Gene Expression Dose Response
Within this data set there are many instances of genes with mRNA expression increasing with dose. One example of this is shown in Figure 3. A clear dose response in gene expression is evident with propiconazole at 30 days of treatment for selected genes (Figure 3). The greatest change of increased gene expression after conazole treatment was the xenobiotic metabolizing P450 genes coding for Cyp2b20, Cyp2c55, and Cyp2c65. Cyp2b20 is a phenobarbital-inducible mono-oxygenase; Cyp2c55 is a recently discovered mono-oxygenase that metabolizes arachidonic and linoleic acid (Wang et al., 2004); Cyp2c65 function has not yet been determined. Other xenobiotic metabolizing genes that had a related increased expression were Gstt3, Gstm3, andAkr1b7. Gst theta 3 and Gst mu3 are glutathione transferases and are Phase II conjugating enzymes.
Cholesterol Biosynthetic Genes
Table 2 summarizes the transcriptional changes of cholesterol biosynthesis genes at four days induced in the mouse liver in high dose animals compared to control animals. Tri-adimefon significantly up-regulated 8 of the 10 enzymes in this pathway, while propiconazole significantly up-regulated 3. Myclobutanil did not significantly up-regulate any of these genes. In accord with negative feedback for these transcriptional changes, only triadimefon significantly lowered blood serum cholesterol levels at 4 days (Allen et al., 2006). These lower serum cholesterol levels could potentially be sensed via 3-hydroxy-3-methylglutaryl coenzyme A (HMG-CoA) reductase, a key regulator of the cholesterol biosynthetic pathway (Ness and Chambers, 2000). This could lead to allosteric alterations of enzymatic activity as well as transcriptional feedback. Increased transcription of cholesterol biosynthetic genes accompanied by blockage of lanosterol α-demethylase near the end of the cholesterol biosynthetic pathway could alter the distribution of molecular intermediates along this pathway. After 30 or 90 days of treatment at high dose there were no significant transcriptional alterations of cholesterol biosynthetic genes by any of the 3 conazoles.

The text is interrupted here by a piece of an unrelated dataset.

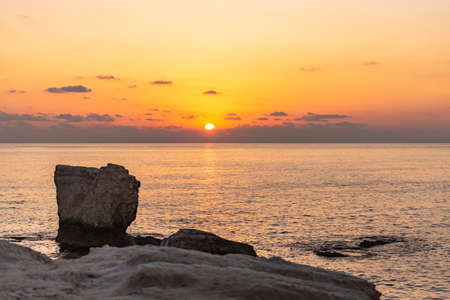 Sunset draws a sunny path on the sea among the rocks.の写真素材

However, after 30 days all the chemicals at high doses reduced serum cholesterol, and after 90 days myclobutanil and propiconazole reduced serum cholesterol (Allen et al., 2006).
Pathway Analyses
The DEG found in Table 1 were mapped to known compendia of pathways (GeneGo, Biocarta, and KEGG) using the criteria that pathways must have 4 or more DEG and the DEG in that pathway are overrepresented based on a hypergeometric test with p < 0.05. The pathways were functionally categorized as metabolism, cell signaling, or cell growth pathways and their distribution over time by conazole is found in Figure 4. The greatest effect observed was in metabolism pathways for all exposure groups except 90-day propiconazole. Propiconazole altered the most pathways at all time points and both propiconazole and triadimefon had a much greater effect than myclobutanil at all time points. After 4 days propiconazole altered the greatest number of pathways (61), divided between metabolism, signaling, and growth categories. The 10 pathways altered by triadimefon were metabolic pathways, while myclobutanil had similar numbers of pathways (9), but with a different distribution (Table 3).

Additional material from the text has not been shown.